Every entry below should be repeated exactly; the pictures should not.

---------- Material provided

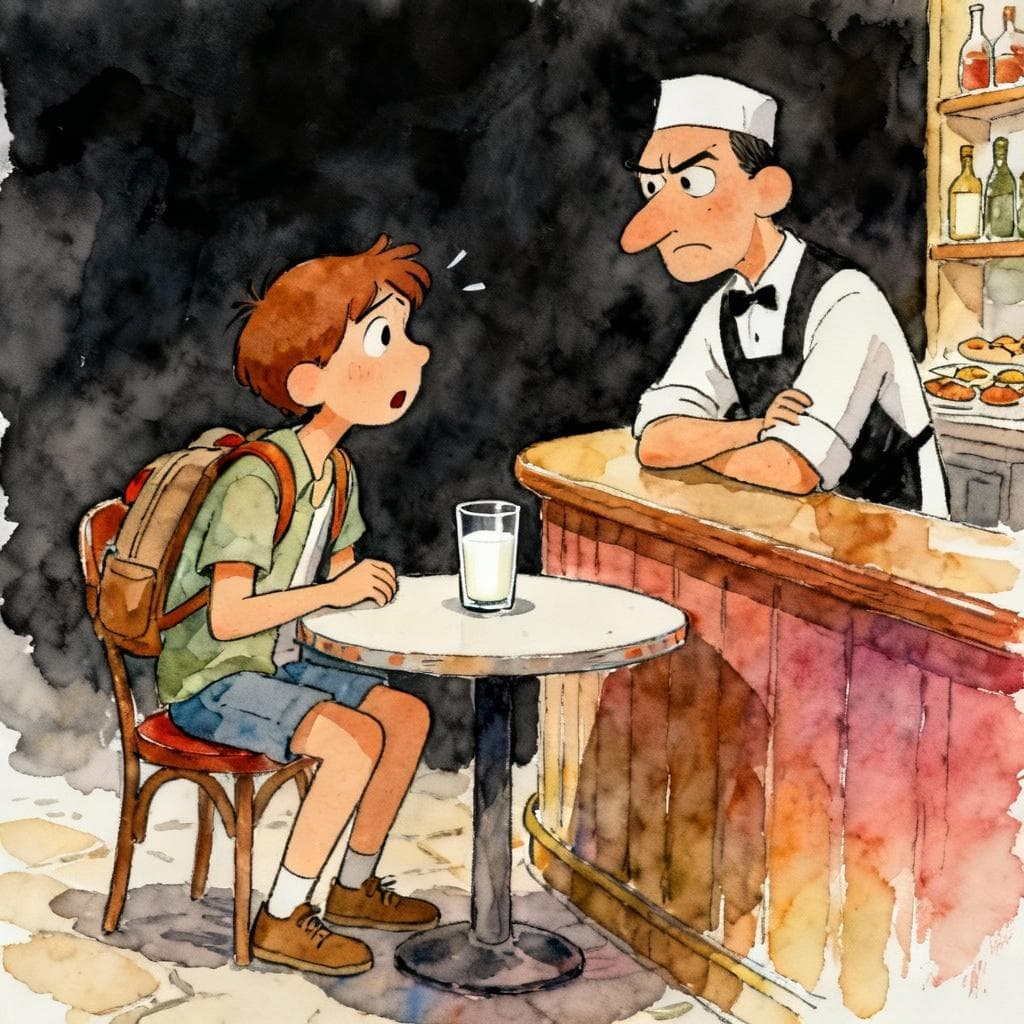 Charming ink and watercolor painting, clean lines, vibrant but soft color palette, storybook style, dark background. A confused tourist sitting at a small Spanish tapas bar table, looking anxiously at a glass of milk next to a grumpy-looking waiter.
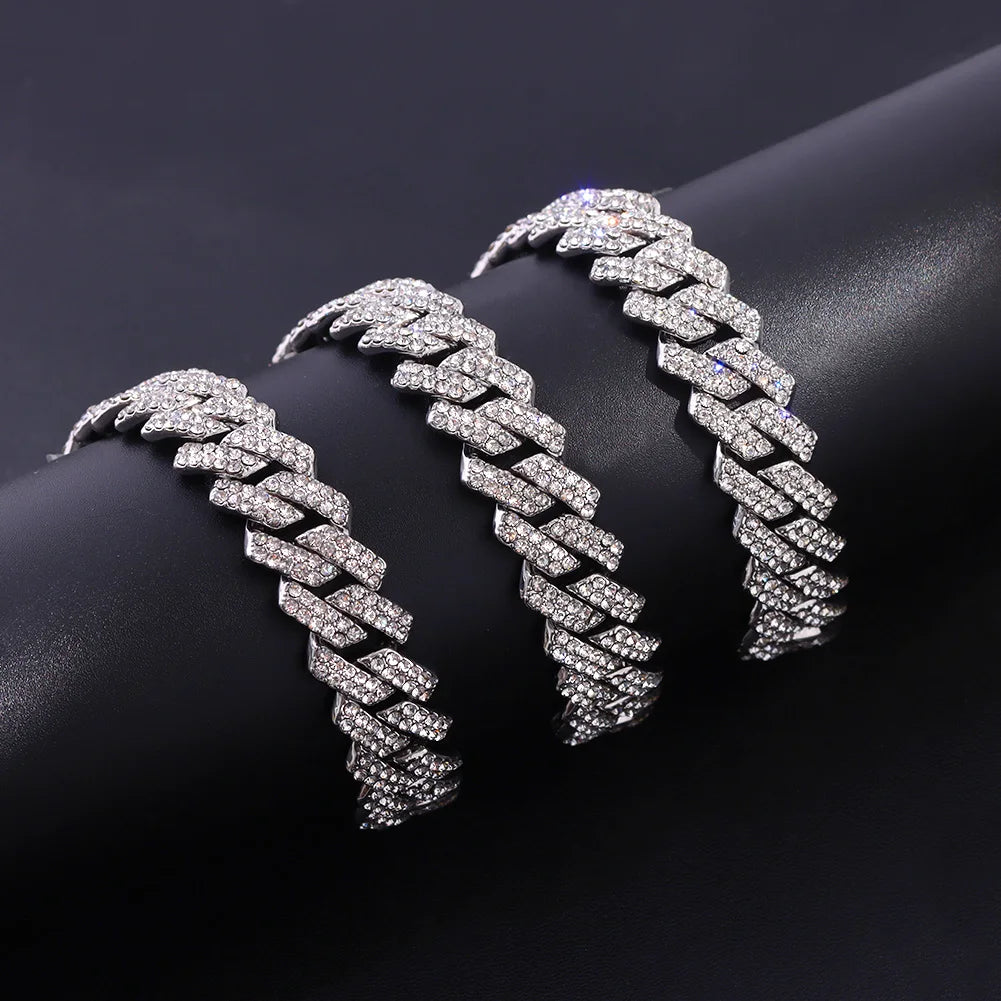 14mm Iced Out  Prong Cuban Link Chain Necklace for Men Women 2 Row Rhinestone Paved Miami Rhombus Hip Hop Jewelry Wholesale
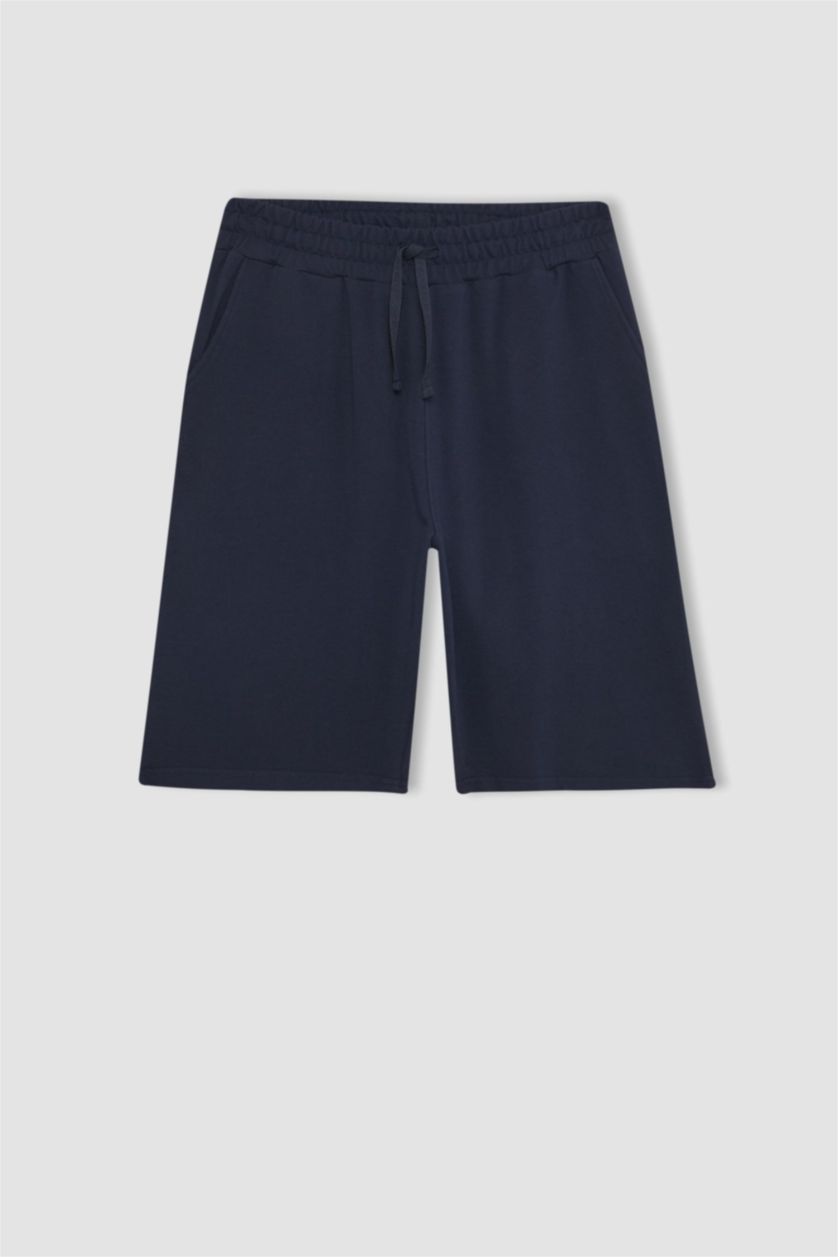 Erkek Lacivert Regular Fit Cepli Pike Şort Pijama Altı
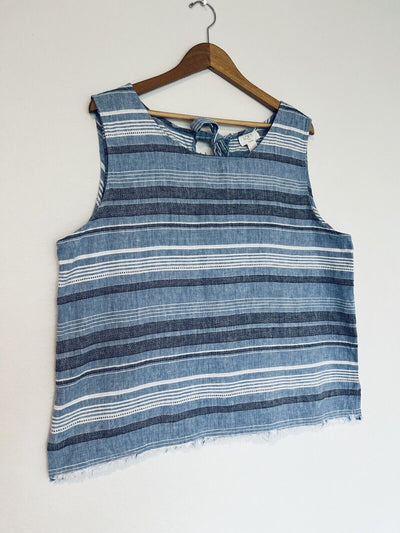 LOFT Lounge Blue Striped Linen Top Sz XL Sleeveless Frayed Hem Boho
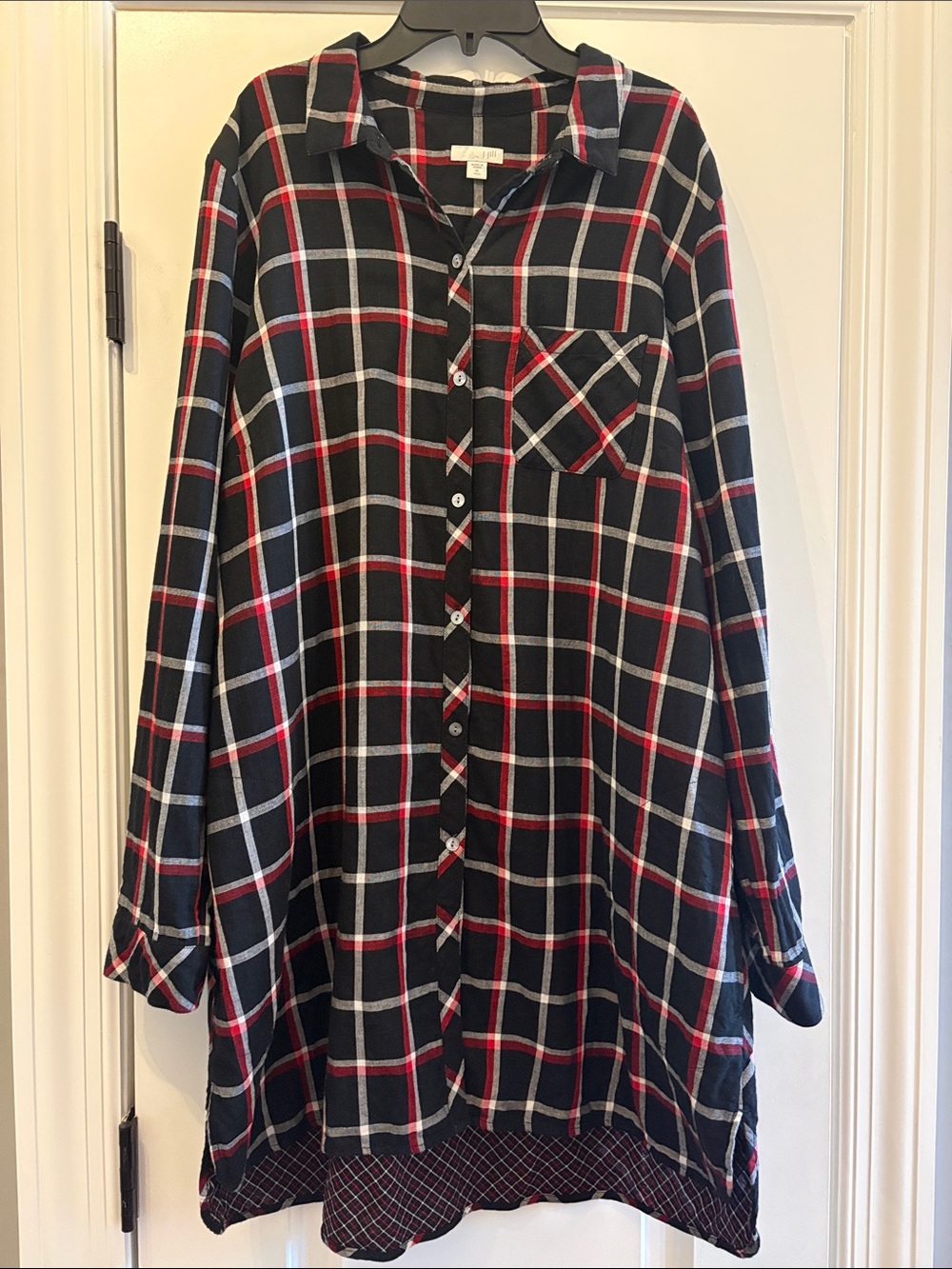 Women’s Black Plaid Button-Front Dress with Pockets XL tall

--------------------

▸ **Completed task**:
 Charming ink and watercolor painting, clean lines, vibrant but soft color palette, storybook style, dark background. A confused tourist sitting at a small Spanish tapas bar table, looking anxiously at a glass of milk next to a grumpy-looking waiter.
 14mm Iced Out  Prong Cuban Link Chain Necklace for Men Women 2 Row Rhinestone Paved Miami Rhombus Hip Hop Jewelry Wholesale
 Erkek Lacivert Regular Fit Cepli Pike Şort Pijama Altı
 LOFT Lounge Blue Striped Linen Top Sz XL Sleeveless Frayed Hem Boho
 Women’s Black Plaid Button-Front Dress with Pockets XL tall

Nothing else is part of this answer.